Chicken Apocalypse.

I stayed home from work today, because Pusser is in California and because I wanted to. Woke up at 1pm, a beautiful sunny afternoon, and I decided that today was the day I’d make chicken stock and bread pudding. (Yes, I do wait for divine inspiration when planning dinner… so what)

After consulting my new cookbook, I headed out to Whole Foods to procure the necessary ingredients. It was, by this time, 2pm.

So I buy my shit, get home, start the bread pudding, and while that’s soaking I try and decide how to deal with the chicken. Throw peanut oil in the big Le Creuset to brown the meat. Read cookbook. Open Kombucha. Read more cookbook. Decide not to brown meat. Big Le Creuset goes back on top of the fridge.

That’s one enormous pot that I have to wash.

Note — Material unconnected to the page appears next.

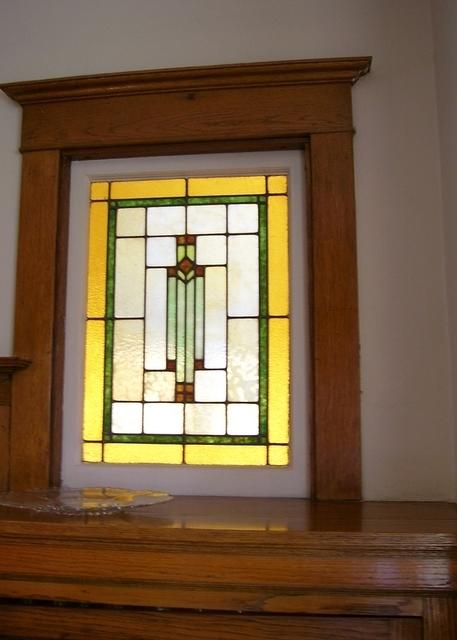 Art glass above china cabinet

14 cups of water, 1 whole chicken, celery, carrot, bay leaf and onion go into my OTHER enormous pot. Mark Bittman says that this whole deal should take like 20 minutes or whatever, so I transcribe one of the files from our last shoot (about half an hour’s work), return to the stove… and that shit is barely warm.

Five transcripts later, the stock has finally come to a boil. Excitement! I commence following the wrong set of directions re: simmering / covering / skimming fat etc. Oops. Rectify the problem, type out one more file, remove solids, dig cheesecloth out of bottom drawer (for straining, I guess? How does one “strain” a liquid??), and transfer super-hot fat broth to the small Le Creuscet. Huge stockpot 2 joins the big Le Creuscet in the “dirty” pile.

Bake bread pudding. Huge-ass mixing bowl goes in “dirty” pile.


The point of all this stock-making was a chicken-rice soup, so Katsu gets home (by this point, it’s after eight) and we make rice. Another pot.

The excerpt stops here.